Well, we know that a lot of tiki restaurants had live music. We know this from record albums recorded Live at these restaurants and ads in weekly entertainment publications, like "The Playgoer", in major cities that listed the bands and singers and small combos playing at restaurants like the Latitude 20 and the Hawaii Kai. Most of this music seemed to be Hawaiian or Hapa Haole in style, but since dancing was an integral part of the dining experience, I bet these Hawaiian bands played a lot of standard dance music too. Postcards show that most of these Polynesian Restaurants had dance floors as well as stages for the musicians. Dancing was popular when South Seas bars started in the 30s, and was still popular in the tiki restaurants of the 60s. The house band at the Hawaiian Room in New York's Emerson Hotel even re-wrote classic Hawaiian melodies to give them a dance beat so that you could fox-trot or swing to them. The larger restaurants even had Hawaiian Floor Shows, with hula dancers and all.
But what happened when the musicians weren't playing? And what about the smaller bars and restaurants that didn't have live acts? Was background music as important back in the old days as it is today? If it was, how did they accomplish it?
Going through the old ads from these restaurants, you occasionally catch a reference to "Hawaiian records" being played for atmosphere. But frankly, this seemed like a pain in the neck to me. Did they have an employee assigned to flip the records when they were done? I know what a chore it can be for me to get up to flip records during a dinner party at my house. That must have been a tiresome task all night long at a tiki bar.
Then I recently read a four-page review of Don The Beachcomber in Hollywood, written in 1943. It gave a lot of the small, intimate details of the restaurant, including this passage:
"There is no orchestra at The Beachcomber, and no floor show. Only a dignified Capehart, playing subdued South Pacific melodies."
This was fascinating, but I had no idea what a Capehart was. So I looked it up on the internet and this is what I discovered: The Capehart was the ultimate in luxury record players of the time. It was an amazing piece of techno-gadgetry mounted in an elegant wooden cabinet.
"The fabulous Capehart Deluxe home radio-phonographs of the 1930s and 1940s. These instruments used a wonderful record changer designed by Ralph Erbe, and this changer was unequalled for features in its time. In addition to being able to play 10" and 12" records intermixed, this ingenious changer would also turn each record over. It could turn each record over immediately, so that the B side could be played following the A side, or it could turn the record over as it returned it to the stack, thereby placing it in position to play the opposite side the next time the record came through the stack."
It could store sixteen 78rpm records and play all 32 sides before it stopped. It was, in effect, the CD-player of its day. If you go to this Website you can even watch a short movie of the flipping mechanism in action.

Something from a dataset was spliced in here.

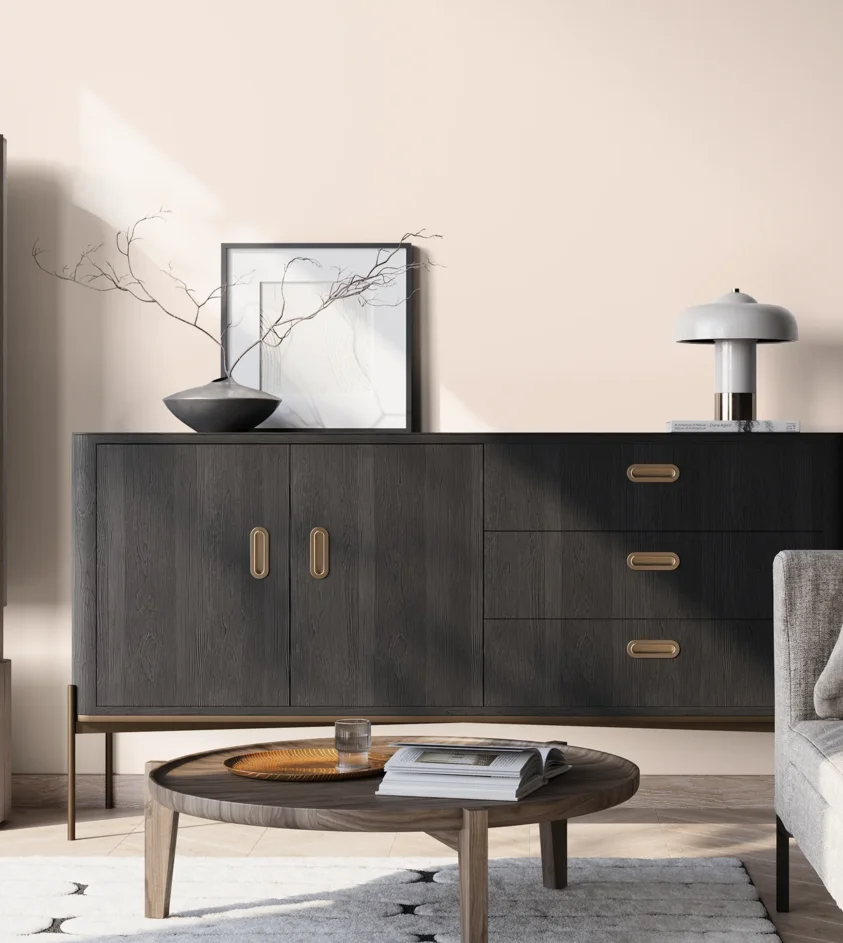 P07_MAGNAT_piaskowy-opal_salon_02_poludnie_GREY_S0505-Y90R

So when you realize that Don's had exotic Hawaiian records playing in the background, mixed with their periodic manufactured rainstorms that were so realistic that first-time patrons often ran outside to roll-up their car windows, you can tell that this restaurant, at least, took their dining and drinking atmosphere very seriously.

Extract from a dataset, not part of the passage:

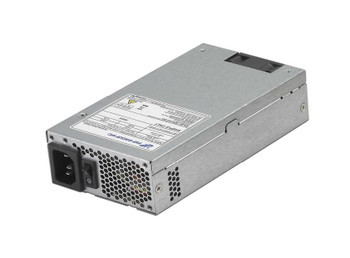 FSP280-20FGBBD - Sparkle Power 280W 80 Plus Bronze Power Supply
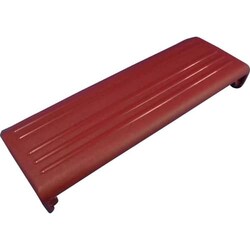 yp[czobNRV{bNX 1000p  420655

I'm betting other restaurants of the time had similar Capehart systems, but I'd be interested to find out how the background music was handled during the 50s and 60s. Did any of these tiki bars switch to jukeboxes when they became available or did they just upgrade to more modern multi-record-players?
Let me know your thoughts and discoveries.
[ This Message was edited by: Sabu The Coconut Boy 2013-05-03 18:15 ]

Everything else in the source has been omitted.